I'm glad you're planning on doing the windshield R&R as part of a repaint.
Most people who take their Panteras to Fred's Quick-eee Lube And Windshield
Repair are in for a rude shock, 'cause when the old windshield comes out,
there's usually rust around the frame, often quite extensive, and it should be
properly repaired before the new glass goes in.
I've heard from multiple sources that a long-standing 'flaw' with the Pantera
is that the opening in the body for the windshield is actually too large (or
the glass too small) Gary Hall says that if you drive over railroad tracks
with your fingers resting against the top or bottom of the winshield, you can
actually feel it moving in the gasket. This is at least part of the reason
that they tend to leak so much.
When my windshield was removed from the car, most of the lip which held it in
was suffering from varying degrees of rot. The correct fix is to zizz out the
rusted lip, fabricate and weld in a new one. At the same time, the body man
should build up the walls of the windshield opening (with a bead of weld?) to
effectively shrink the size of the overall opening. Then, the gasket should
be gorped in with tons of black silicone.
Don't know whether it's better to put the gasket in and then cram the glass
in, or put the gasket and trim on the glass and then drop them in together
(although I'd guess the latter is better; I've heard of shops breaking
windshields while trying to install them!)
Date: Mon, 19 Jan 1998
From: [email protected] (George P. Dausch IV)
Subject: Re: glueing the windshield in
Sender: [email protected]
}I have a question. I desire to modify my windshield opening by welding up
}the opening to make it smaller and then glue in the windshield instead of the
}rubber gasket and metal trim. My question is, Will this fixing of the
}windshield to the chasis cause too much stress from the chasis to be
}transmitted into the windshield and break it.? I dont want to really break
}my windshield. By glueing it in, I can eliminate the ugly gasket and just
}have a neat little trim ring and flush window.
I couple of months ago I started a discussion about the windshield gasket,
because I was going to have a flush one made as you are describing. Someone
said to call Cook's, which I did, and they have one, app. $150. That's why I
discontinued the die project and having them extruded.
Over the years, I have glued two windshields in. One was fine, but the other
cracked one day when I jacked up the vehicle on the front corner. That's
probably one of several reasons that they don't glue them in.
I've also read the discussions about the opening being too large. I have not
yet removed my windshield or looked at a new gasket, but subject to the gasket
design, the opening may very well be the correct size. Review carefully.
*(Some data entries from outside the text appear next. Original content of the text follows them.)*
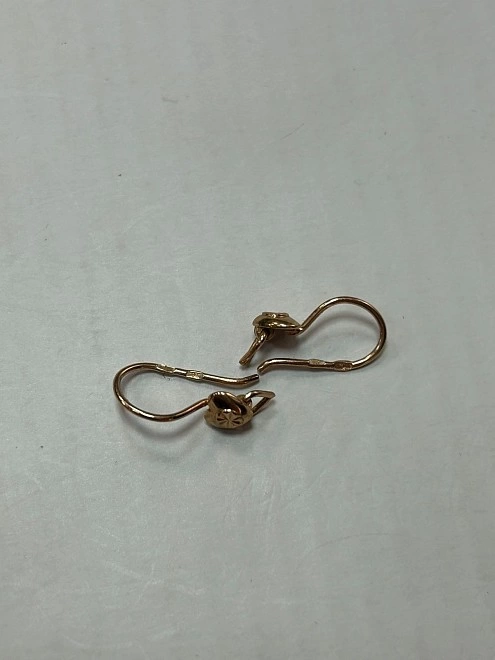 Серьги золотые 375 проба 0,805 гр (ФМ)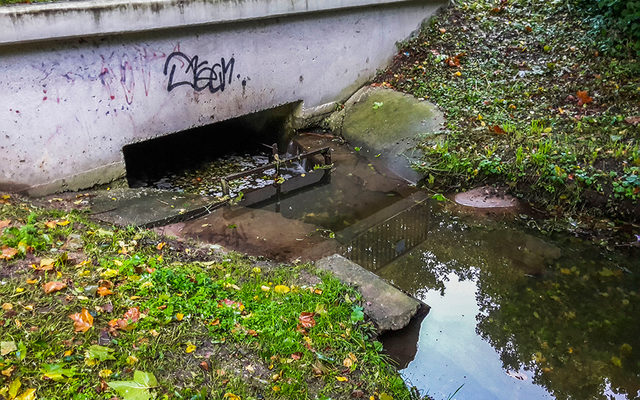 Stauwehr und Durchlass Haustenbecker Straße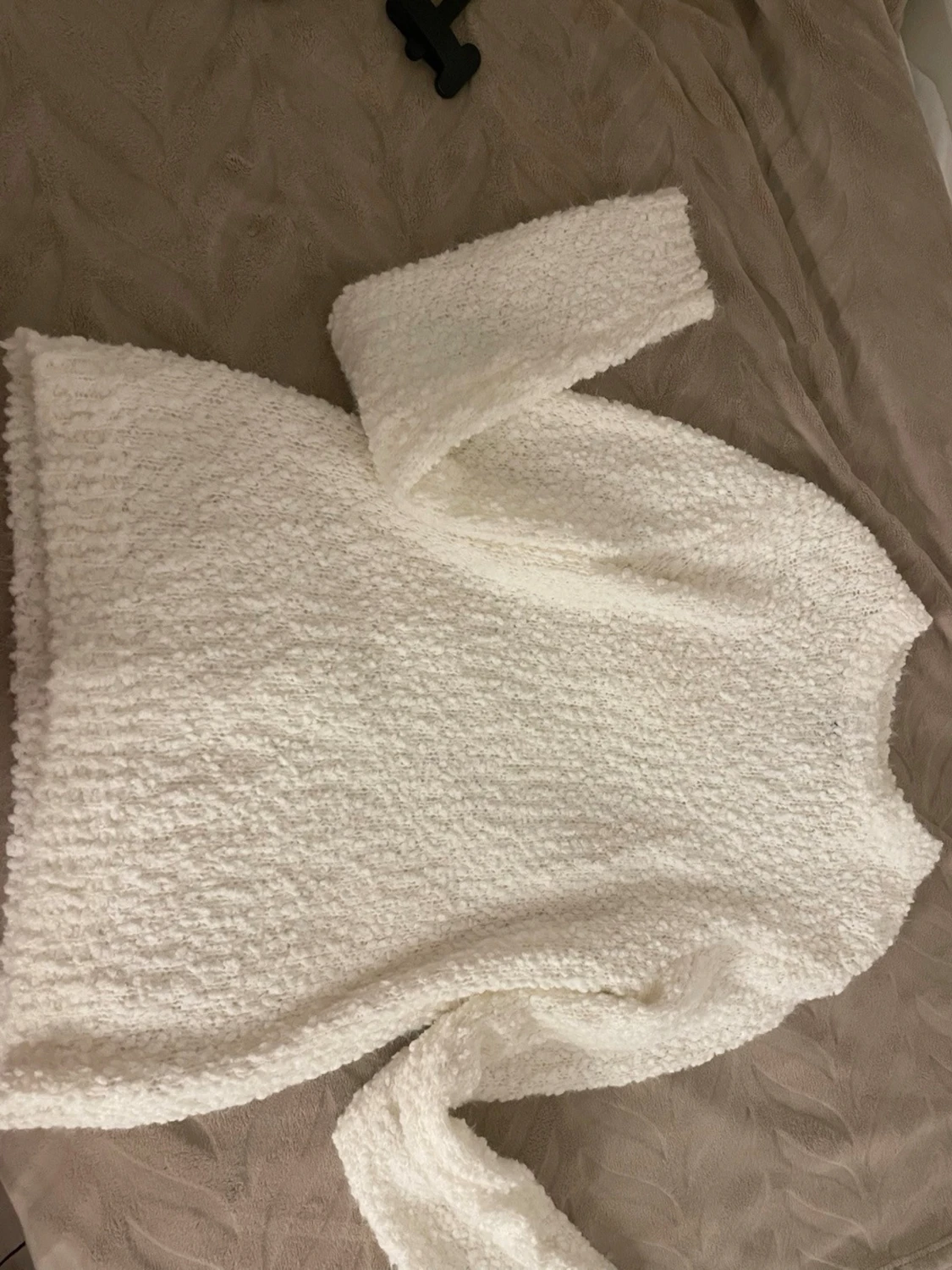 Vit fluffig stickad tröja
In conclusion, looking at the horsepower you're running and the stress cracks
that we all have, I'm not sure that I'm going to make my windshield a
structural member.
Date: Mon, 19 Jan 1998
From: JDeRyke {[email protected]}
Subject: Re: glueing the windshield in
Sender: [email protected]
An excellent suggestion. But as far as I know, NO ONE has ever tried glueing
in a windshield so you are in uncharted waters, Dave! Be very sure the metal
surface is flat and use fresh windshield putty (scientific name: acky-pukky).
The stuff gets harder and less compliant with age, so body-flex might be more
important later. Incidently, this putty also develops water-wormholes just
like the unsiliconed stock gasket does. GM began using it in '65 and Ford a
few years later. Write me a description and any results if you try it, please.
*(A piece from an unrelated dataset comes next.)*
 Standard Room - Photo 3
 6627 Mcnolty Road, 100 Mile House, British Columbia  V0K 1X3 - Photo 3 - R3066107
And investigate whether it would be nicer looking to have an oversized glass
made (or adapt some other car's windshield) rather than welding the hole up.
You'll have about 1 inch all the way around the stock glass to fill up with
something. J DeRyke
Date: Mon, 30 Mar 1998 19:26:11 +0000
From: Mike Drew {[email protected]}
Subject: Re: Pantera Glass & seals
To: Multiple recipients of list {[email protected]}
Frank asked about replacing the windshield and side windows.
This topic was beaten into the ground several months ago; I suggest you
check the archives for varying points of view.
One important point: I would never expect to just drive your Pantera
down to Windshield World and have them pop the old one out and put the
new one in. Virtually guaranteed to find rust (sometimes extensive) in
the lip which holds the windshield in. Therefore, you should plan on
having the work done by a shop that has extensive metalwork experience;
then they can remove the old one, fabricate and weld in any necessary
metal, and then install the new one.
Regarding which windshield to buy, there are two basic options out
there, OEM and aftermarket.
The OEM glass is made in Germany by Siglia. Unfortunately, the Germans
sell it to the Italians (where taxes and import duty is charged), then
the Italians sell it to Wilkinson (with their markup, plus U.S. import
duty), then Wilkinson sells to the vendors (with his markup), then they
sell to you (with THEIR markup!)
By the time you get an OEM windshield, you can pay upwards of $1400!
(Although sometimes the vendors have them on sale for less than $1000.)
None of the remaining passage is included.